__WHAT IS NEEDED__:
Drop every picture, then print the rest of the listing exactly as given.

__DATASET CONTENT__:
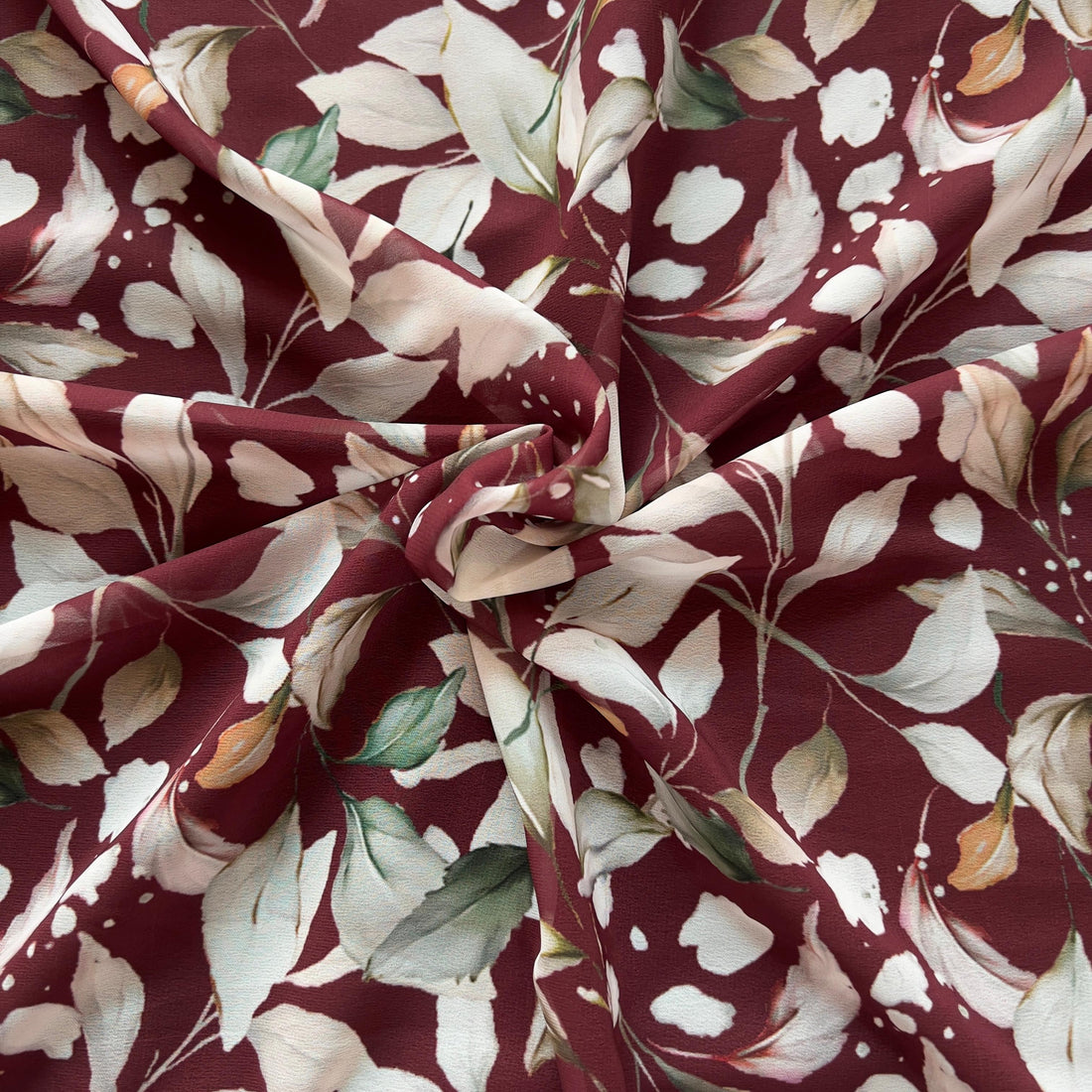 Dark  ground leaf  print on georgette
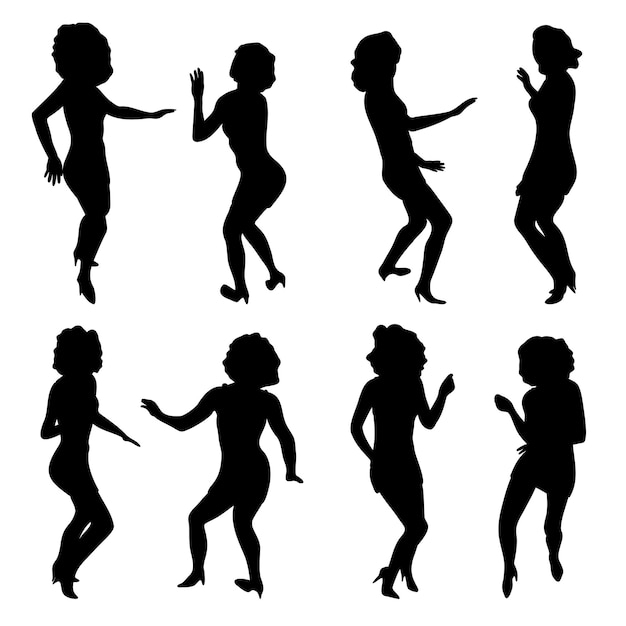 Women in skinny dress dancing black silhouettes Set of moving disco curly girl shapes Party abstract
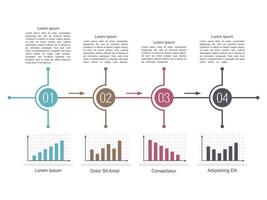 Design template of diagram with four steps and different bar graphs vector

__RESPONSE__:
 Dark  ground leaf  print on georgette
 Women in skinny dress dancing black silhouettes Set of moving disco curly girl shapes Party abstract
 Design template of diagram with four steps and different bar graphs vector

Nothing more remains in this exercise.